More about social insects and their decision-making and evolution

There are four main kinds of eusocial insects: ants, termites, wasps, and bees. The word "eusocial" refers to an organization in which only one individual, the "queen," performs the vast majority of all reproduction, while the others perform non-reproductive duties. The entire hive is thus a super-organism.

Asterisk: bees depart slightly from the ideal of being a superorganism because not all worker bees are forever sterile, and a very small percentage of the reproduction is done by workers. If a fertile worker is caught laying eggs, she is killed and her eggs are eaten! This kind of "policing" behavior could only have evolved if worker reproduction was once much more common than it is now – so earlier bees were "less superorganismic."

Nest-relocation decisions are not made by a large community in the ants, termites, and wasps: instead the queen acting alone founds the new colony (albeit in the case of termites, in collaboration with a single "king"). So in those cases there is no need for "voting." Only bees vote.
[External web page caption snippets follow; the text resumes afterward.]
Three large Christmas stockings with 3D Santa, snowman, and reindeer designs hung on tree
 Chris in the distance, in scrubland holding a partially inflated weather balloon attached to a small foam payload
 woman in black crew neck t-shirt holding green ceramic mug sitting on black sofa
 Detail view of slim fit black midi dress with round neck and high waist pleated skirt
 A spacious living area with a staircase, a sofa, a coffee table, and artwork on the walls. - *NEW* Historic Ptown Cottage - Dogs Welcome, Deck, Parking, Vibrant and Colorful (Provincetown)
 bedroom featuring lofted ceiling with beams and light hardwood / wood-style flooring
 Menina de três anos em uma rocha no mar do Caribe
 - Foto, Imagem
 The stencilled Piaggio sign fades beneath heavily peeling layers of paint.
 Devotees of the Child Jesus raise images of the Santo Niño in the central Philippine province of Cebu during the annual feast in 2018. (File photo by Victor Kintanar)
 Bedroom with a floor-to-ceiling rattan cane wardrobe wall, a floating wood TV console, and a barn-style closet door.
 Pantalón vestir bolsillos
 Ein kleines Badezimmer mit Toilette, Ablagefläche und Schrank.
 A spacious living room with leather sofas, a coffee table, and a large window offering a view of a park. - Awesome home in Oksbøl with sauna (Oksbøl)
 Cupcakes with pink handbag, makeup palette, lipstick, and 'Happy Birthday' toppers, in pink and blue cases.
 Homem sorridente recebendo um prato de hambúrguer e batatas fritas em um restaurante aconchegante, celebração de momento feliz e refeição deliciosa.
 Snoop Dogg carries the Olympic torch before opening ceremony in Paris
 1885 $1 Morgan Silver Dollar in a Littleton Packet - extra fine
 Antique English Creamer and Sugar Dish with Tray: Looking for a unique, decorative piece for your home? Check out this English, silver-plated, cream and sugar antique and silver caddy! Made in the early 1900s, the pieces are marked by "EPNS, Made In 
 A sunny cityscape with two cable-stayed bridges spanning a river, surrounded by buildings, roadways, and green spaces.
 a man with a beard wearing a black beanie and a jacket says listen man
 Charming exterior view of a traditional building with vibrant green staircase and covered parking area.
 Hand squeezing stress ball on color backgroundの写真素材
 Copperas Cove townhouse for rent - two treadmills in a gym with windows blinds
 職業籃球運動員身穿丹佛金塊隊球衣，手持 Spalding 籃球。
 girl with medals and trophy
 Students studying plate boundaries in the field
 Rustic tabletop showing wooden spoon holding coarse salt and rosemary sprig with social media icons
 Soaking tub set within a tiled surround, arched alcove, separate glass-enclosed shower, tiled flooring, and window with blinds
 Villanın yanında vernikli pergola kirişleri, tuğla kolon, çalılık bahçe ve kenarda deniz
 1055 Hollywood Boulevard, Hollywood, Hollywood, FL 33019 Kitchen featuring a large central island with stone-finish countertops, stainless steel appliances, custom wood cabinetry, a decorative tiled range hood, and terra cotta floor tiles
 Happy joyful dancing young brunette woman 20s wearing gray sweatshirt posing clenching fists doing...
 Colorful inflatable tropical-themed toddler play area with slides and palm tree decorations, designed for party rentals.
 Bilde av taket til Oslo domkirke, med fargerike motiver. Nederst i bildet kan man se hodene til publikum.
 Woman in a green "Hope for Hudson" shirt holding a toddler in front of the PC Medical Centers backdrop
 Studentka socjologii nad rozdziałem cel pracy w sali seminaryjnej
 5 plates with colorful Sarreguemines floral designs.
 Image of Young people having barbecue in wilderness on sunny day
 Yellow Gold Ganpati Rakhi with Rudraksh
NEWS FLASH! Sorry, that conclusion was premature. It turns out certain ants also will vote on a hive relocation decision if their original nest site is damaged. (Might the same perhaps be true for other social insects?) And amazingly, these ants also appear to use range voting.

There are thousands of species of bees. Most are not social. The bumblebees are social but only in a comparatively small-scale way (maximum hive population 50-400 usually) and their new hives are started by a single queen acting alone – just like ants and wasps – and last only 1 year.

There are two main types of sophisticated eusocial bees, which live in large hives with tens of thousands of inhabitants and multiyear tenancy: the honeybees and the stingless bees. The stingless bees appear older (a trigona worker fossilized in amber was found that is 74-94 million years old) and are more diverse (about 200 species known). The honeybees (apis) seem younger (oldest known fossil 22-25 million years old) and less speciated (about 10 species known). The stingless bees were the only kind native in Australia and South America until humans introduced honeybees from Europe and Africa, and they now appear to be faring badly in competition with honeybees.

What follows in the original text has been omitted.